[[ DATA open ]]
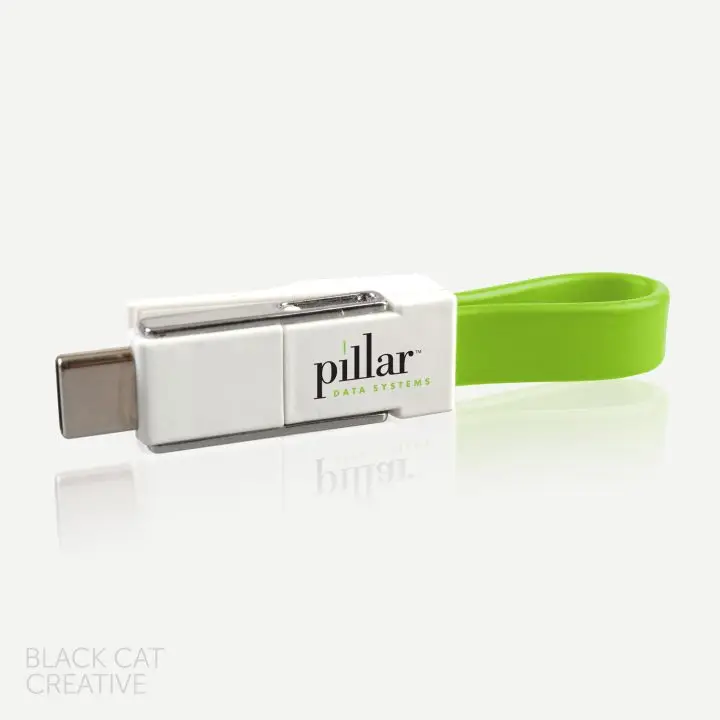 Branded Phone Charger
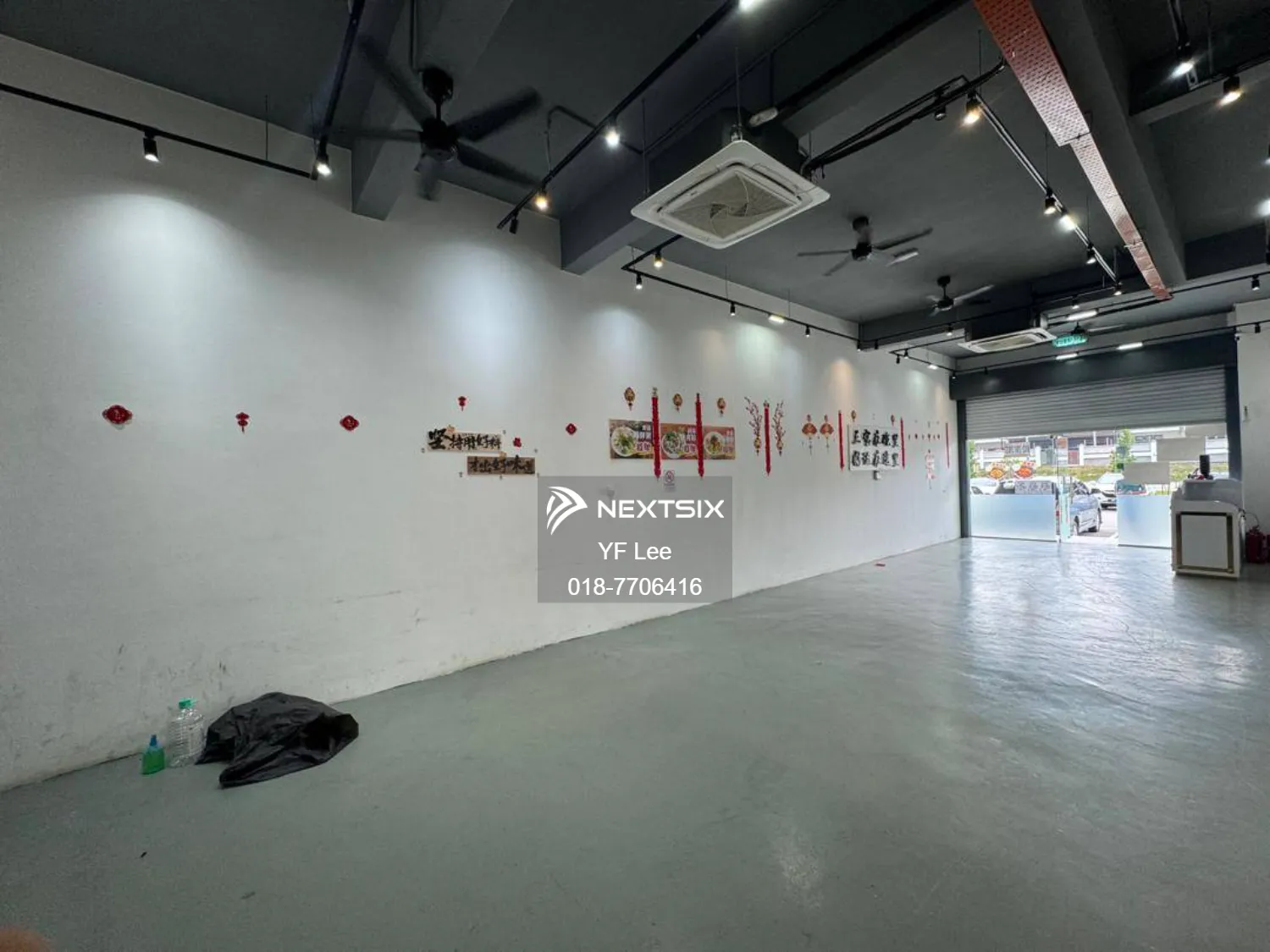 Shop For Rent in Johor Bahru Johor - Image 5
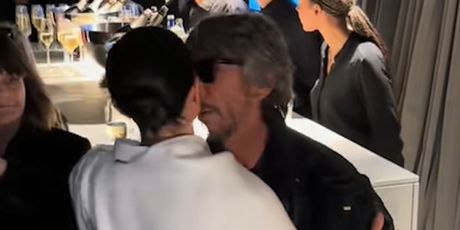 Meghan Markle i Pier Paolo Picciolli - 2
[[ DATA closed ]]
DIRECTIONS. Write the lines out word for word, starting at the one with "Shop For Rent in Johor Bahru Johor - Image 5" and stopping after the last line of the material above, with pictures excluded.

TASK OUTPUT.
 Shop For Rent in Johor Bahru Johor - Image 5
 Meghan Markle i Pier Paolo Picciolli - 2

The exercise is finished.